Once you have cracked the code, this is heady stuff – amounting to nothing less than a revolution in thinking at the highest level of the cobweb-infested Army.

Successful armed forces adapt and transform at a pace faster than their potential adversaries, Richards observes. Cromwell, as an example, unlocked the synergy of discipline, training, new equipment and new tactics in a manner that left the Royalists looking like barely gifted amateurs. This process can be found throughout history although rarely is it accelerated with the vision and drive of a Cromwell.

Borrowing from his earlier speech, where he warned that the Army was facing another of those "horse and tank" moments, Richards noted that, "although not yet culturally internalised," there has been a radical change in the way wars are fought.

We cannot, he said, go back to operating as we might have done even 10 years ago when it was still tanks, fast jets and fleet escorts that dominated the doctrine of our three services. Instead, we have to face up to such "non-kinetic" requirements as "counter-IED, information dominance, counter-piracy, and cyber attack and defence".

Soldiers had to operate in a "complex combat, joint, interagency and multinational environment in which success is measured in terms of securing people's confidence instead of how many tanks, ships or aircraft are destroyed."

Then, straight out of the Gates book of procurement, Richards declares that the pace of technological change has left every nation's mainstream procurement process struggling to deliver equipment that will remain relevant against more agile opponents satisfied with cheap and ever-evolving 80 percent solutions.

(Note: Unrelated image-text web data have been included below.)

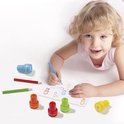 Een jong meisje met blond haar ligt op de grond en kleurt met een blauwe potlood, Peppa Pig stempels liggen op de tafel.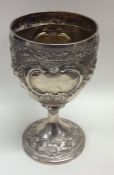 A silver embossed goblet decorated with flowers an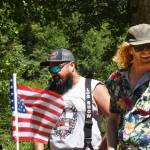 A pair of racers celebrate and catch their breath after making a run on the handcars. Photo by Alex Bruell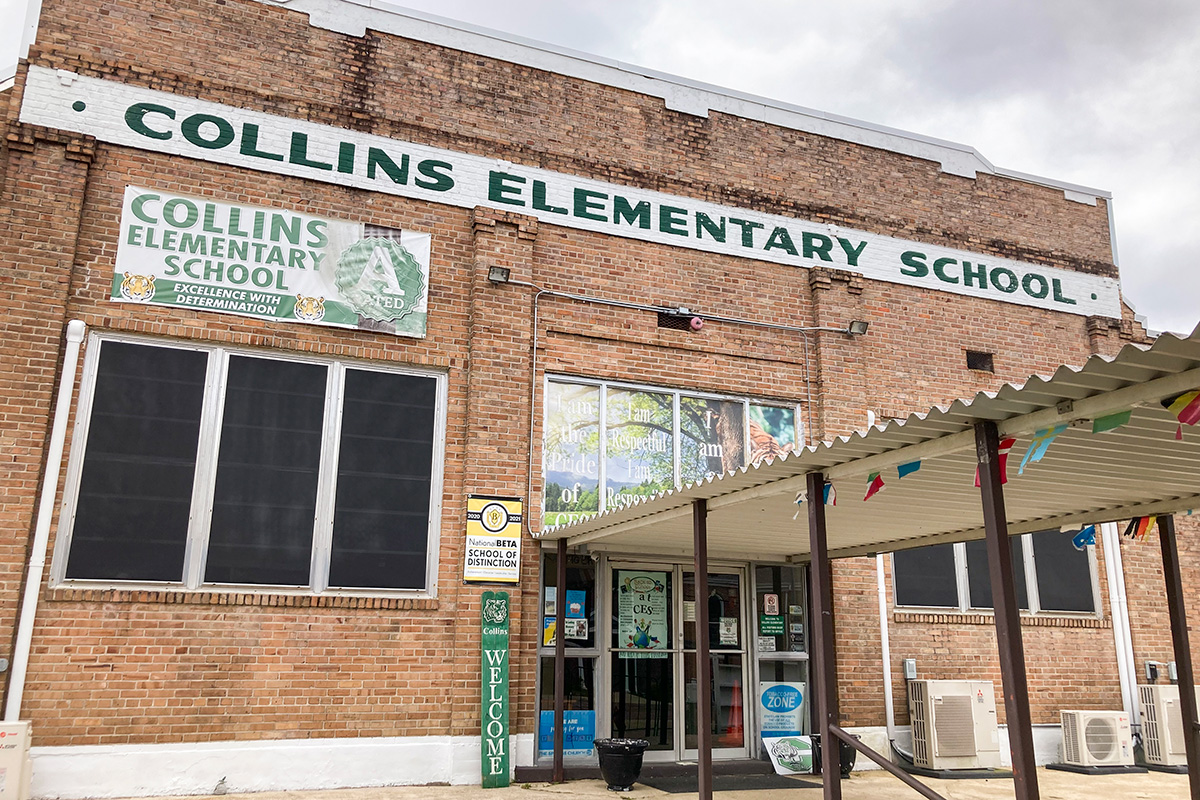 An exterior view of the brick face of Collins Elementary School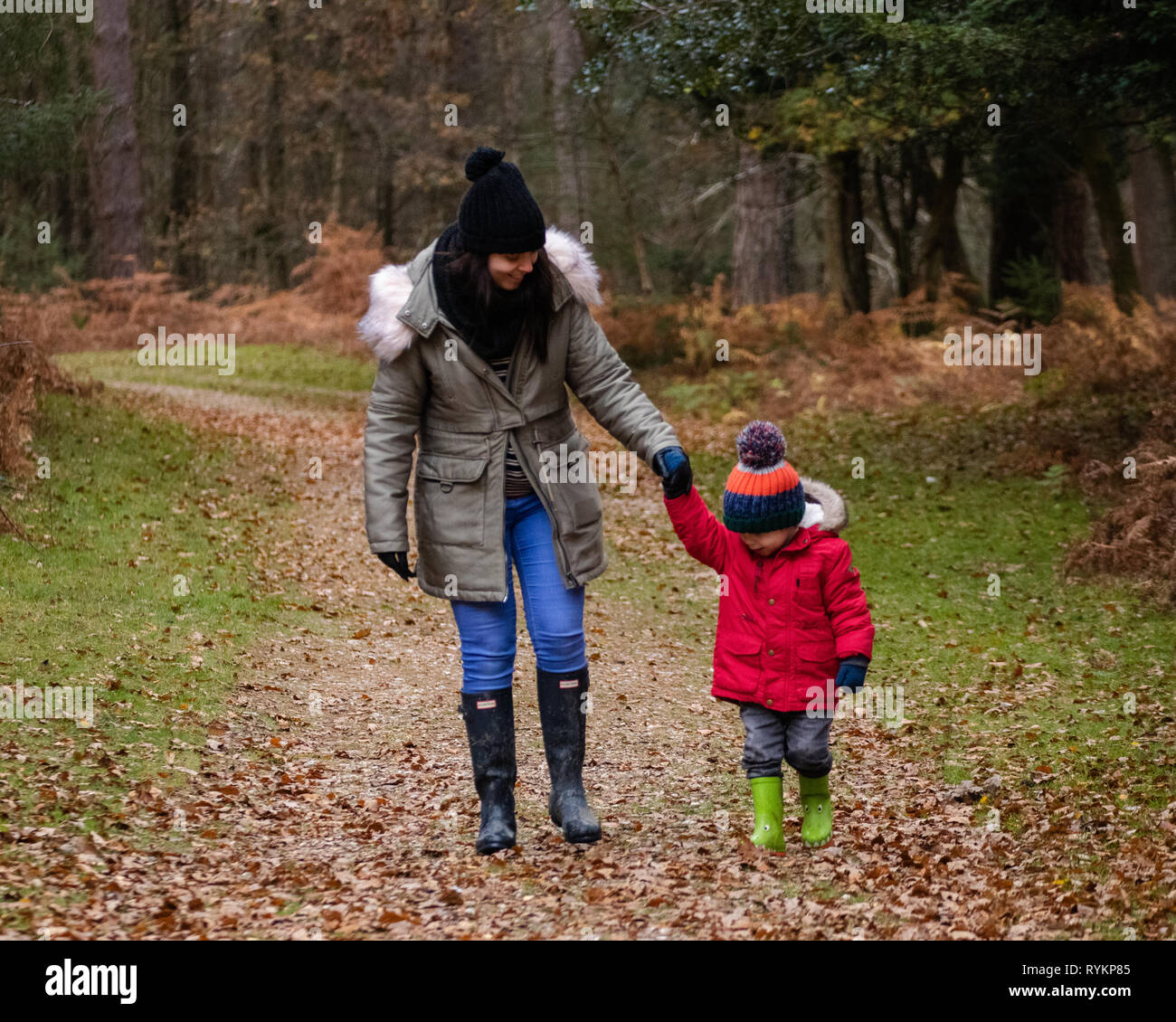 La mère et le fils marchant à travers la forêt en automne tenant les mains, porter des wellies Banque D'Images
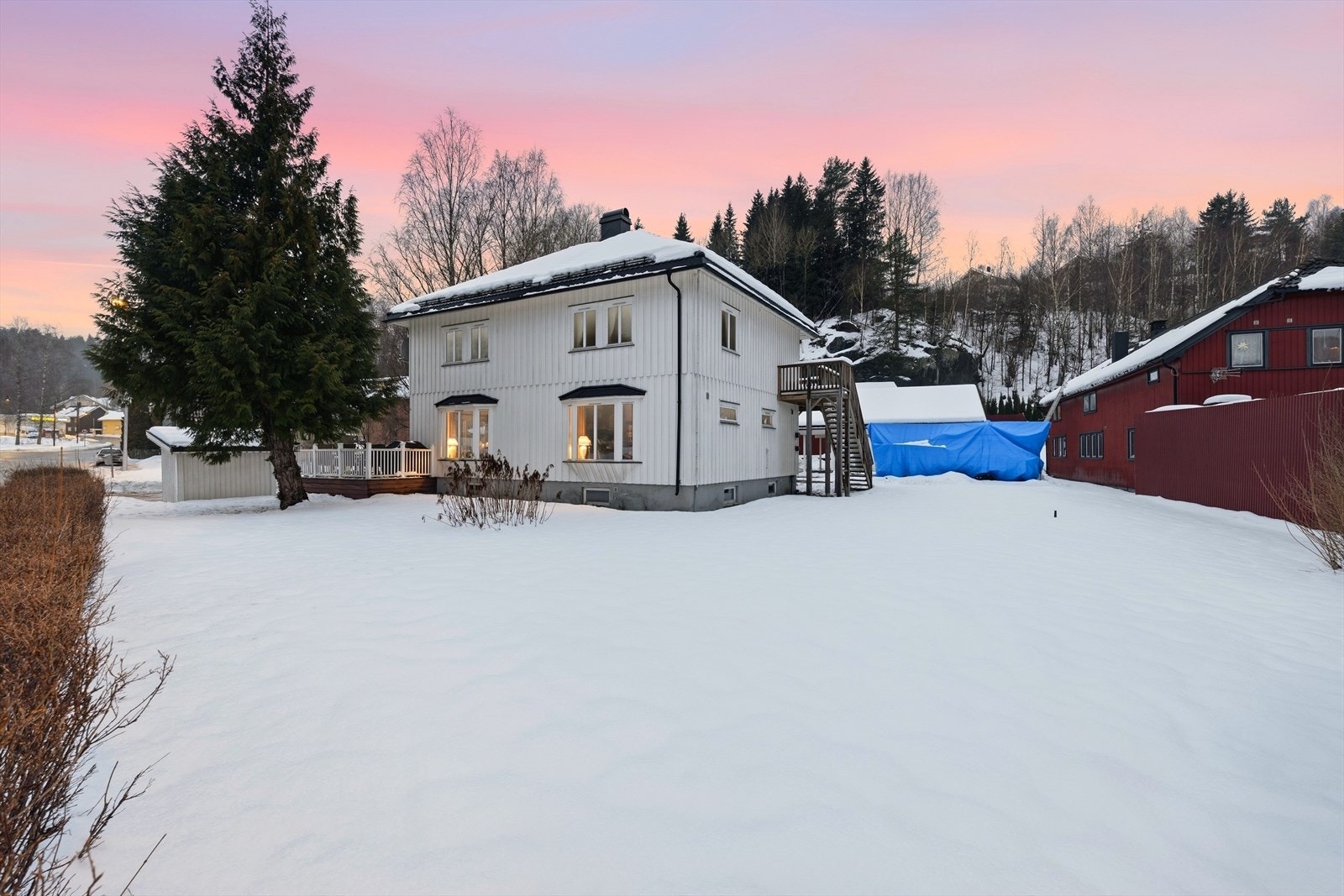 Hageareal i front av huset. Veranda i 2. etasje med trapp opp fra bakkeplan. Galleribilde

Too often, he says, we still strive for hugely expensive 100 percent solutions – "exquisite solutions" as Secretary Gates calls them – relevant only in a traditional hi-tech state on state war but that risk being out of date before they are brought into service.

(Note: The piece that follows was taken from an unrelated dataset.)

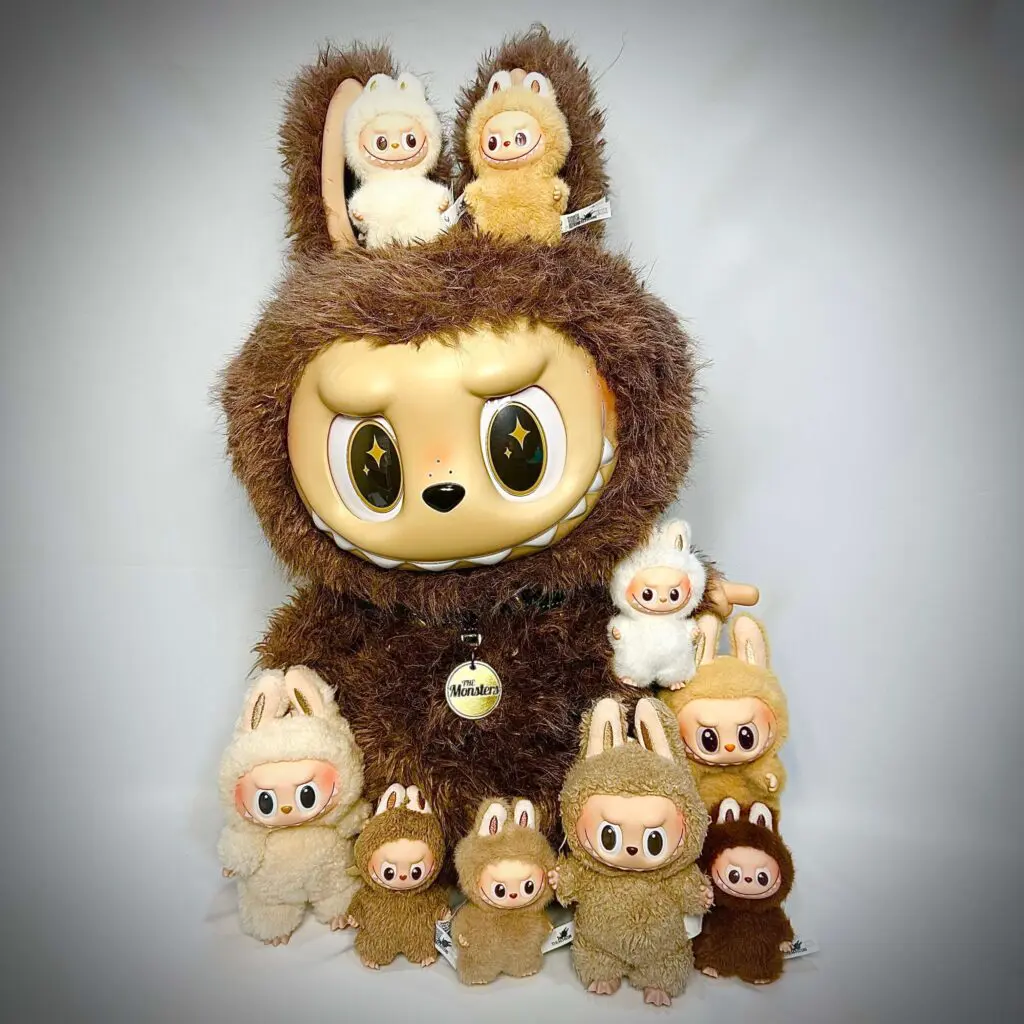Group photo of large Labubu plush doll Zimomo with smaller brown Labubu keychain dolls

In sum, he adds, tactical, operational and strategic level success in today's environment is beyond that of a military that draws its inspiration from visions of traditional state on state war, however hi-tech in nature.

Much later in his speech, Richards returns to this theme, telling us that those who seek to continue investment in traditional forms of conflict at the expense of the new fail to understand the degree to which inter-state dynamics have changed since the Cold War era.

The asymmetric war, he says, is the war of the future and countries like the UK need only possess a deterrent scale of traditional warfighting capability - one that reflects our stated policy of only going to war as part of the NATO alliance or, in a regional context, with the USA.

He is not advocating the scrapping of all our aircraft and tanks to the point that traditional mass armoured operations, for example, become an attractive asymmetric option to a potential enemy. But ensuring tactical level dominance in regional intervention operations or enduring stabilisation operations and to deter is going to be achieved with allies, not by ourselves.

Accepting this logic will free up resources needed for investment in other more likely forms of conflict. It will also go a long way to finding the money needed to allow our armed forces to contribute to important stabilising activity in fragile and failed states as well as to that Cinderella activity of peace-keeping.

And that is what he means by "rebalancing" – spending less on the expensive "toys", accepting that we can no longer afford a capability for autonomous "high-end" warfare and tailoring our resources so that we can work alongside allies to common effect. If this "horse and tank moment" is not gripped, our armed forces will try, with inadequate resources, to be all things to all conflicts and perhaps fail to succeed properly in any.

Yet the only newspaper really to have got the point was The Guardian, which was the only one to report the speech properly. Even then, it missed the political dynamic – Richards, on the face of it – is at odds with the world view expressed by Liam Fox. We are in for some interesting times.